3. Desde logo, porque a primeira testemunha afirmou que o Autor "não tinha direi to a descansos semanais" , nem a "descansos compensatórios" e que por várias vezes o ora Recorrente apresentou queixas na DSAL, junto com os outros membros de uma Associação, com vista a obter o pagamento pelo trabalho prestado em dia de descanso semanal;
4. Por outro lado, resulta também do testemunho prestado pela segunda testemunha que a “partir de 2001, alguns trabalhadores tinham férias, mas não era descanso semanal, havia guardas que não tinham trabalho, às vezes trabalhavam no Banco, como o Banco fechava no domingo, então o guarda é chamado pela companhia para trabalhar noutro sitio”,
5. Depois, se é certo que a testemunha "não tinha a certeza se o Autor não gozou descanso semanal e se e quantas vezes a Ré o chamou para trabalhar em dia de descanso semanal", em caso algum seria exigível que a mesma demonstrasse um absoluto grau de certeza, sem descurar que a testemunha revelou um perfeito conhecimento das políticas da Ré relativamente à atribuição de dias de descanso semanal, ou à sua falta;
6. Ao que acresce que, cabia à Ré a apresentação dos registos de presenças do ora Recorrente depois de 2002 o que, não o tendo feito, em caso algum poderá ser valorada contra o próprio Recorrente, que tudo fez para que a Ré os apresentasse oportunamente;
7. Pelo exposto, justifica-se que o douto Tribunal ad quem proceda à reapreciação dos testemunhos prestados e, em conformidade, altere a resposta aos factos contidos nos quesitos 1.º a 3.º da Base Instrutória, julgando-se os mesmos integralmente provados, com as devidas consequências quanto aos concretos pedidos formulado pelo Recorrente a tal respeito;
Sem prescindir, em qualquer caso,
8. No âmbito da determinação da indemnização devida ao ora Recorrente relativamente ao descanso semanal, o Tribunal a quo entendeu ser de seguir o entendimento por duas vezes sufragado pelo Tribunal de Última Instância, afastando-se, assim, da posição reiterada seguida Tribunal de Segunda Instância sobre a mesma questão de Direito, e condenando a Recorrida a pagar ao Recorrente apenas um salário em singelo e não em dobro;
9. Porém, salvo melhor opinião, ao proceder ao desconto do valor pago em singelo, o Tribunal a quo terá procedido a uma errada aplicação do disposto na al. a) do n.º 6 do art. 17.° do Decreto-Lei n.º 24/89/M, de 3 de Abril, pelo que a decisão deve ser julgada nula e substituída por outra que condene a Ré em conformidade com o disposto na referida Lei Laboral;
10. De onde, deve a Recorrida ser condenada a pagar ao ora Recorrente a quantia de MOP$200,741.00 - e não de apenas de MOP$47,224,00 conforme resulta da decisão ora posta em crise - a título de trabalho prestado em dia de descanso semanal, acrescido de MOP$100,370.00 - e não de apenas de MOP$47,224,00 conforme resulta da decisão ora posta em crise - em consequência da falta de gozo de um dia de descanso compensatório pelo trabalho prestado em dia de descanso semanal, acrescida de juros até efectivo e integral pagamento o que desde já e para todos os legais efeitos se requer.

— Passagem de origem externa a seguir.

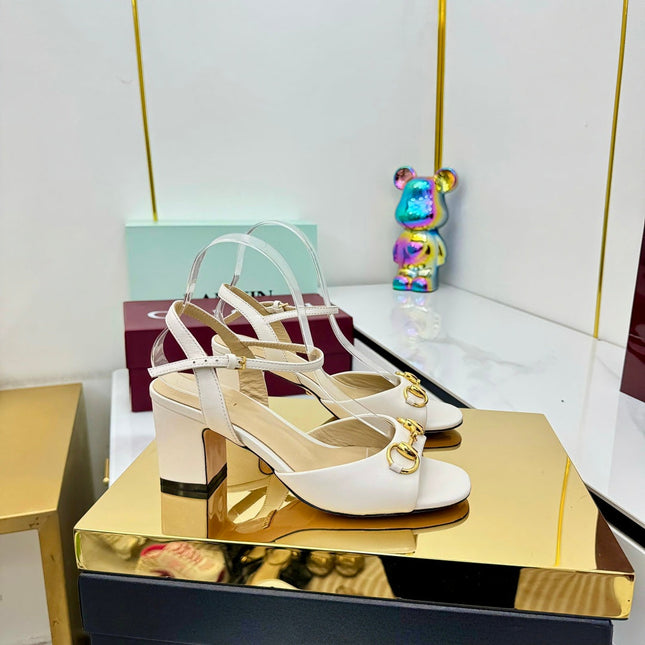 GG HEELED SANDALS 25S 65 MM IN CREAM WHITE LAMBSKIN WITH GOLD HARDWARE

Nestes termos e nos de mais de Direito que V. Exas. encarregar-se-ão de suprir, deve a Sentença ora posta em crise ser substituída por outra que atenda aos pedidos formulados pelo Recorrente, assim se fazendo JUSTIÇA!

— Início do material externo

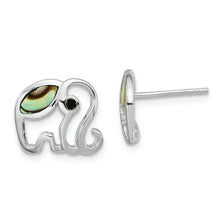 Load image into Gallery viewer, Sterling Silver RH-plated Abalone Elephant Post Earrings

B (Macau) Serviços e Sistemas de Segurança Limitada, R. nos autos em epígrafe, contra-alega, defendendo a bondade do decidido.
Foram colhidos os vistos legais.
II – FACTOS
Vêm provados os factos seguintes:
“- Entre 3 de Setembro de 1994 a 31 de Maio de 2008, o Autor prestou para a Ré funções de "guarda de segurança", enquanto trabalhador não residente. (alínea A) dos factos assentes)
- Entre o referido período, o Autor trabalhou sobre as ordens, direcção, instruções e fiscalização da Ré. (alínea B) dos factos assentes)
- A Ré sempre fixou o local, o período e o horário de trabalho do Autor de acordo com as necessidades. (alínea C) dos factos assentes)
- O Autor sempre respeitou os períodos e horários de trabalho fixados pela Ré, e sempre prestou trabalho nos locais indicados pela Ré. (alínea D) dos factos assentes)
- Ao longo de toda a relação laboral a Ré pagou ao Autor uma quantia fixa mensal, acrescida de uma quantia determinada em função do número de horas de trabalho extraordinário efectivamente prestadas pelo Autor. (alínea E) dos factos assentes)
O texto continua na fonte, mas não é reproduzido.